In cocaine infarction, the time of onset of symptoms from the last intake of the substance varies from 30 minutes to several hours (sometimes more than 15 hours after intake) with a peak incidence approximately one hour after use; the onset of symptoms is not always related to the dose taken or the type of administration. (3)
Case reports on cocaine-addicted patients who have developed an acute heart attack show that on angiographic study both normal coronary arteries and stenosing lesions can be seen.
It must be emphasised, however, that in cocaine-abusing patients a picture of marked and widespread atherosclerosis is predominantly observed despite a young age and even in the absence of additional cardiovascular risk factors.

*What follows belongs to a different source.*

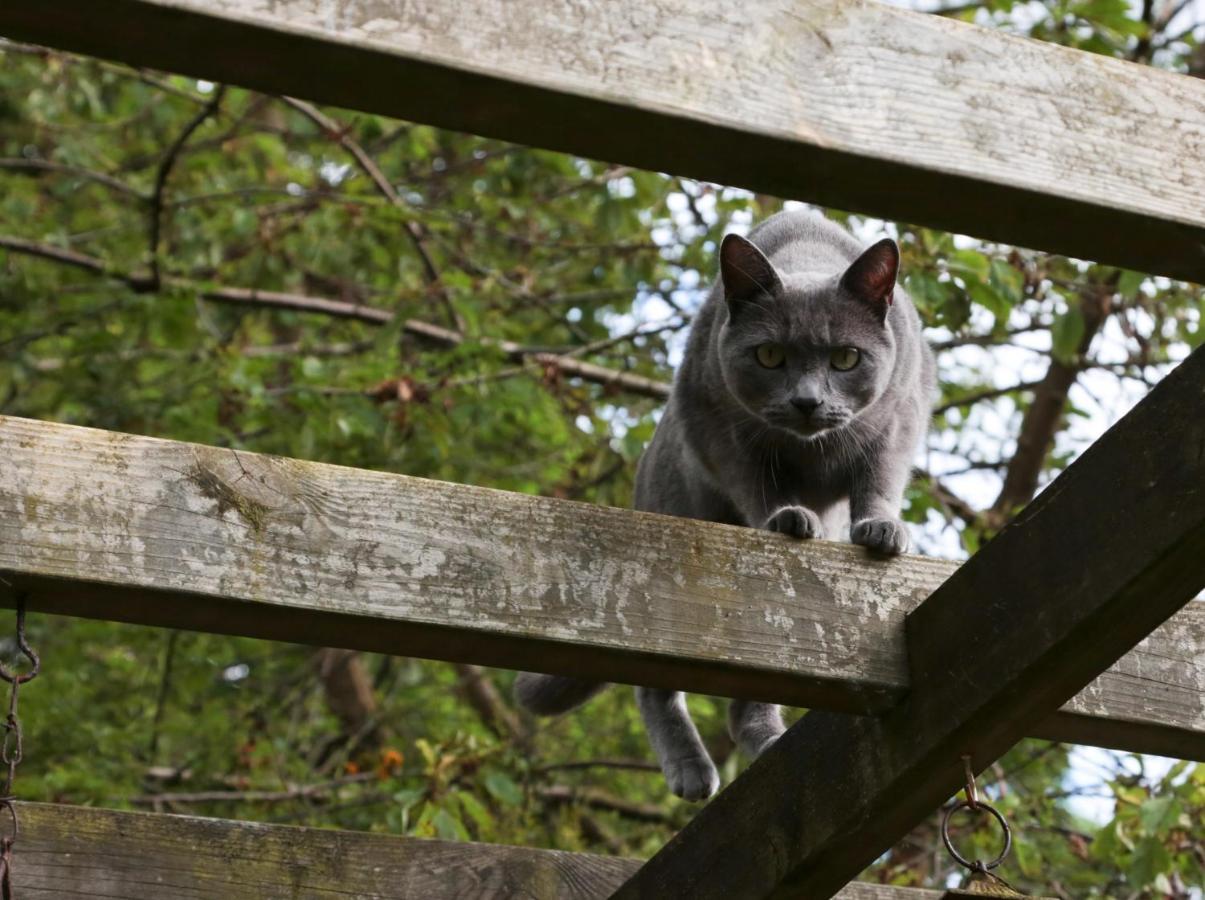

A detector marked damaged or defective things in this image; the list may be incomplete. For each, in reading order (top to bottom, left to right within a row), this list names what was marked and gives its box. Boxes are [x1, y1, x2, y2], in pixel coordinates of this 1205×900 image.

rusty chain [0, 596, 40, 896]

In the long term, a progressive deterioration of cardiac function may be observed, even in the absence of previous symptomatic ischaemic events, with a significant reduction in ‘pump function’ and the development of chronic heart failure.
This cardiac dysfunction appears to be the result of several factors such as:
- asymptomatic subendocardial ischaemia;
- recurrent exposure to excess catecholamines;
- increased apoptosis (death) of myocytes;
- induction of changes in the structure of cardiac cells themselves.
In addition to ischaemic damage mediated by catecholamines or thrombosis phenomena, cocaine can cause direct damage to myocardial cells by increasing the production of reactive oxygen species involved in oxidative stress processes. (5)
Cocaine and arrhythmias
Cocaine abuse is also related to arrhythmic phenomena of varying degrees:
- tachycardia and/or bradycardia;
- onset of conduction disturbances;
- supraventricular tachycardias;
- ventricular tachycardia and fibrillation;
- peak torsion;
- appearance of electrocardiographic patterns mimicking Brugada syndrome (sudden death related syndrome).
The mechanisms by which cocaine exerts its pro-arrhythmogenic effects are also multiple.
By acting at the level of ion channels (sodium, potassium, calcium), it can alter the normal formation and conduction of the electrical impulse, and the increased ‘instability’ of cardiac cells, induced by the ischaemic state, determines a favourable substrate for the onset of both atrial and ventricular arrhythmias.
In addition, a left ventricular hypertrophy picture is frequently observed in patients who assiduously take cocaine, a phenomenon that, in addition to being associated with infarction, also increases the risk of cardiac arrhythmias. (6,7)
Inflammation of the heart
The occurrence of endocarditis and myocarditis is not uncommon in cocaine addicts, to a greater extent in intravenous users.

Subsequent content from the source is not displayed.